From Dataset to Real-world: General 3D Object Detection via Generalized Cross-domain Few-shot Learning
Shuangzhi Li, Junlong Shen, Lei Ma, Xingyu Li
TL;DR
This work tackles the problem of generalizing LiDAR-based 3D object detection across domains with limited supervision by introducing GCFS, a framework that couples image-guided multi-modal fusion with contrastive prototype learning. The method injects open-set 2D semantic cues from vision-language models into 3D features using a physically-aware 2D-to-3D box search, and learns discriminative, class-specific prototypes from few-shot data with contrastive learning. Optimized with a meta-learning scheme and combined losses, the approach achieves state-of-the-art results on four GCFS benchmarks, demonstrating strong transferability for common classes and rapid adaptation to novel classes under tight data constraints. This work significantly advances practical 3D perception by enabling robust deployment in diverse environments without requiring large-scale target annotations, leveraging cross-modal priors and few-shot conditioning to bridge domain gaps and semantic shifts.
Abstract
LiDAR-based 3D object detection models often struggle to generalize to real-world environments due to limited object diversity in existing datasets. To tackle it, we introduce the first generalized cross-domain few-shot (GCFS) task in 3D object detection, aiming to adapt a source-pretrained model to both common and novel classes in a new domain with only few-shot annotations.
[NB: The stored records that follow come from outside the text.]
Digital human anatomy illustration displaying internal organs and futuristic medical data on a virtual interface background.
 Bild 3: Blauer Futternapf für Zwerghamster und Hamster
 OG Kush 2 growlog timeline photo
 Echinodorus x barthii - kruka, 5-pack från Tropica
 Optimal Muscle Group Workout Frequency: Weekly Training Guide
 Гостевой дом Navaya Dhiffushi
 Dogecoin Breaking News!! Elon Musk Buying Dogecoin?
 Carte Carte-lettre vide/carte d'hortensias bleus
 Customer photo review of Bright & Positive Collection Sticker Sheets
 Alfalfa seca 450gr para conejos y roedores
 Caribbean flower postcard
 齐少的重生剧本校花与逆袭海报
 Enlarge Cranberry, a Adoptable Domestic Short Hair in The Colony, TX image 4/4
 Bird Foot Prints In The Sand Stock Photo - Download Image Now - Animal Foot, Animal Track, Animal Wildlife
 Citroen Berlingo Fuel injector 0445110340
We propose a unified framework that learns stable target semantics under limited supervision by bridging 2D open-set semantics with 3D spatial reasoning. Specifically, an image-guided multi-modal fusion injects transferable 2D semantic cues into the 3D pipeline via vision-language models, while a physically-aware box search enhances 2D-to-3D alignment via LiDAR priors. To capture class-specific semantics from sparse data, we further introduce contrastive-enhanced prototype learning, which encodes few-shot instances into discriminative semantic anchors and stabilizes representation learning. Extensive experiments on GCFS benchmarks demonstrate the effectiveness and generality of our approach in realistic deployment settings.